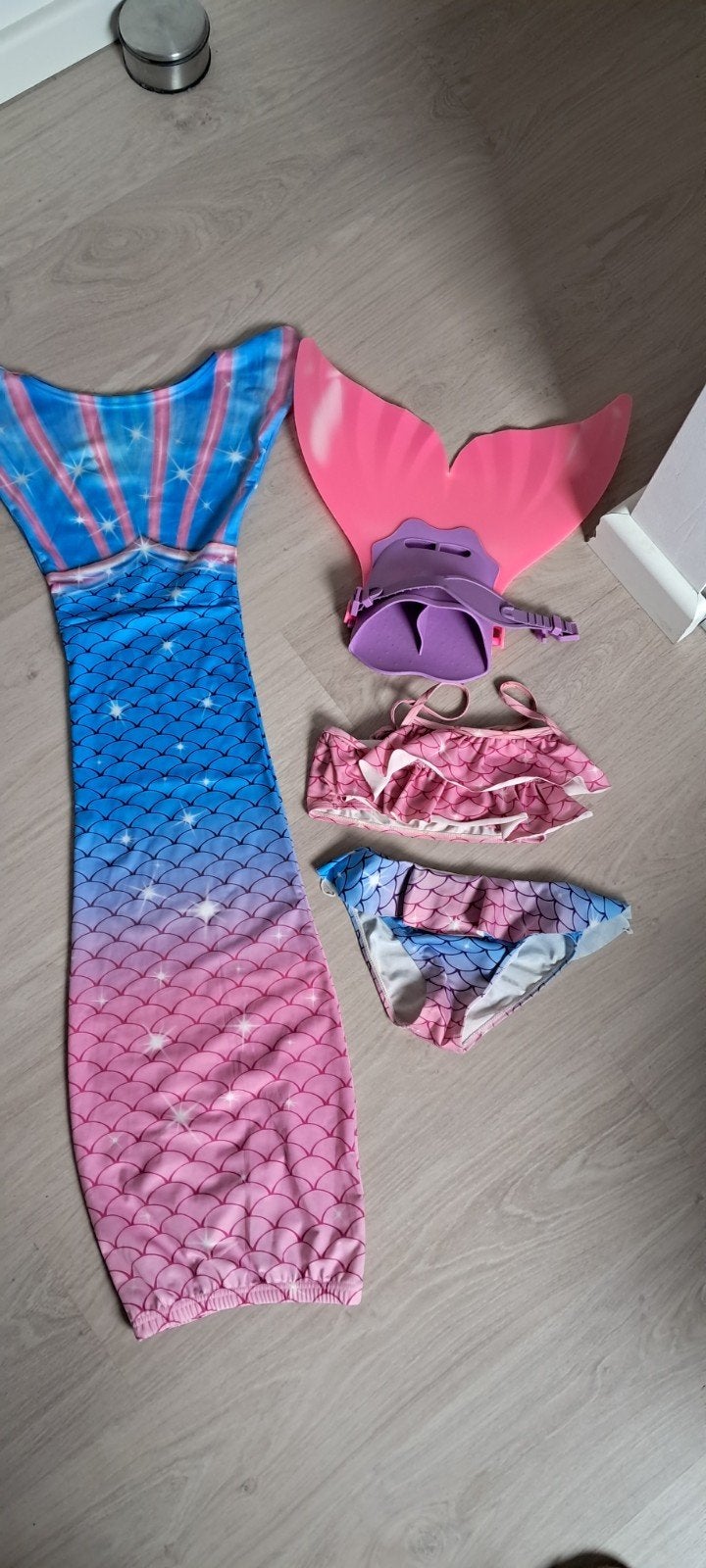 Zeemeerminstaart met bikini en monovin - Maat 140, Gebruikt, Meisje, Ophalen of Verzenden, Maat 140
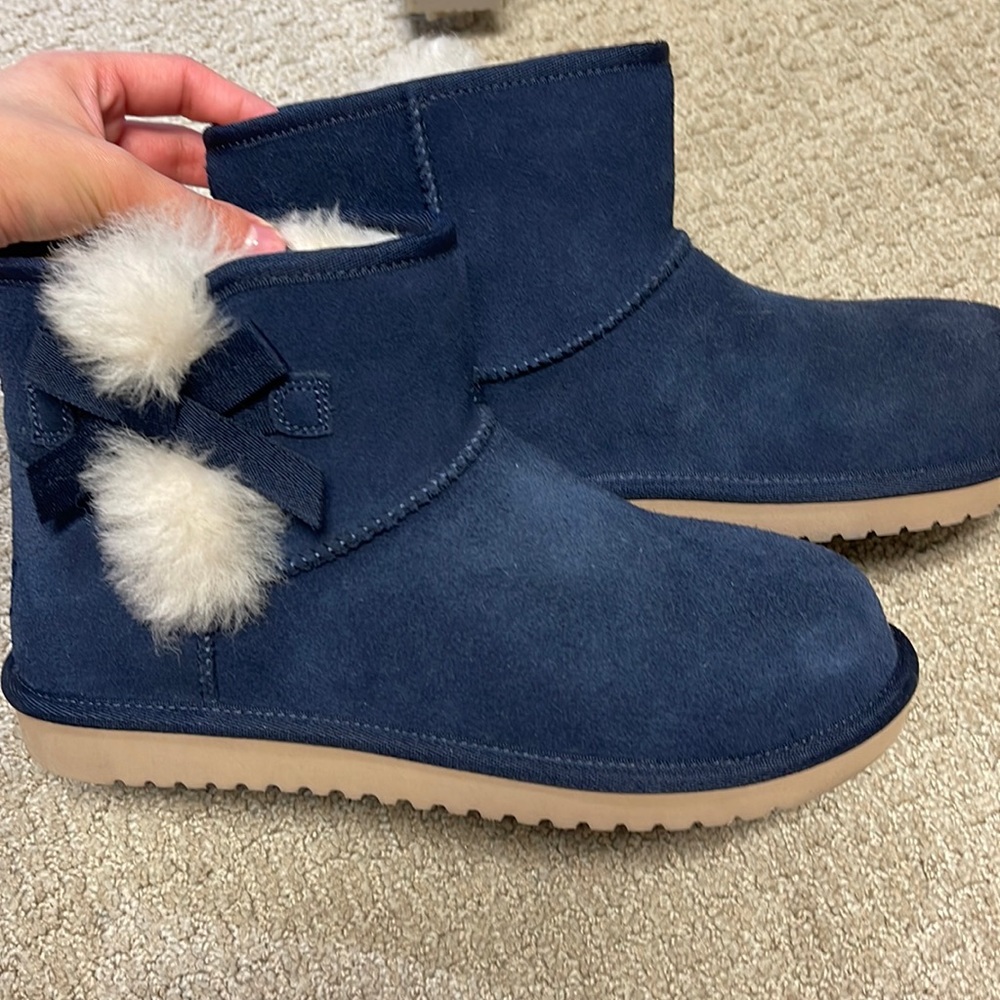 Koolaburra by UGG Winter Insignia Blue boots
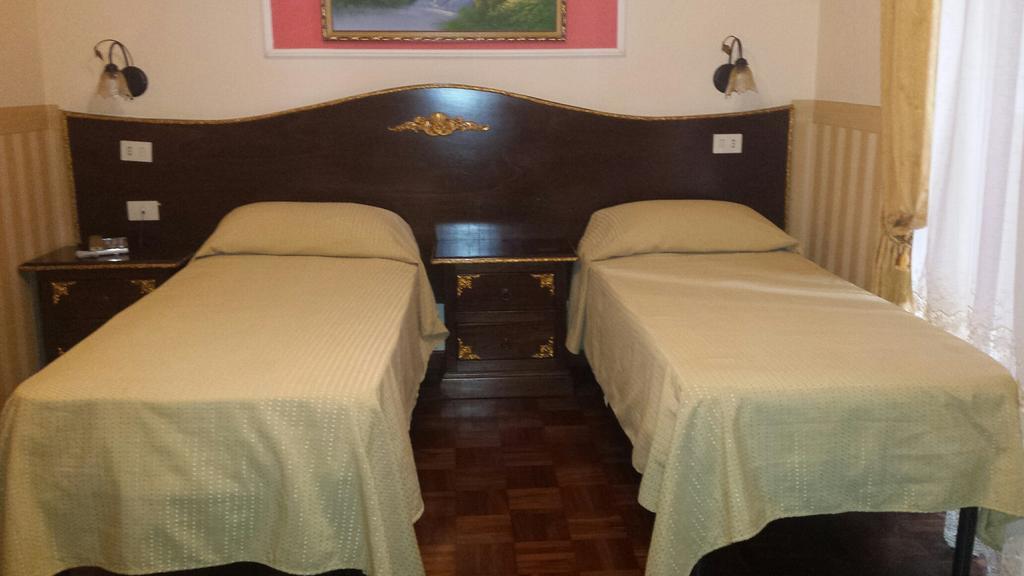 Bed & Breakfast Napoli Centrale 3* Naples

To do - This exercise calls for the complete listing, returned exactly and without images.

Result of this exercise -
 Zeemeerminstaart met bikini en monovin - Maat 140, Gebruikt, Meisje, Ophalen of Verzenden, Maat 140
 Koolaburra by UGG Winter Insignia Blue boots
 Bed & Breakfast Napoli Centrale 3* Naples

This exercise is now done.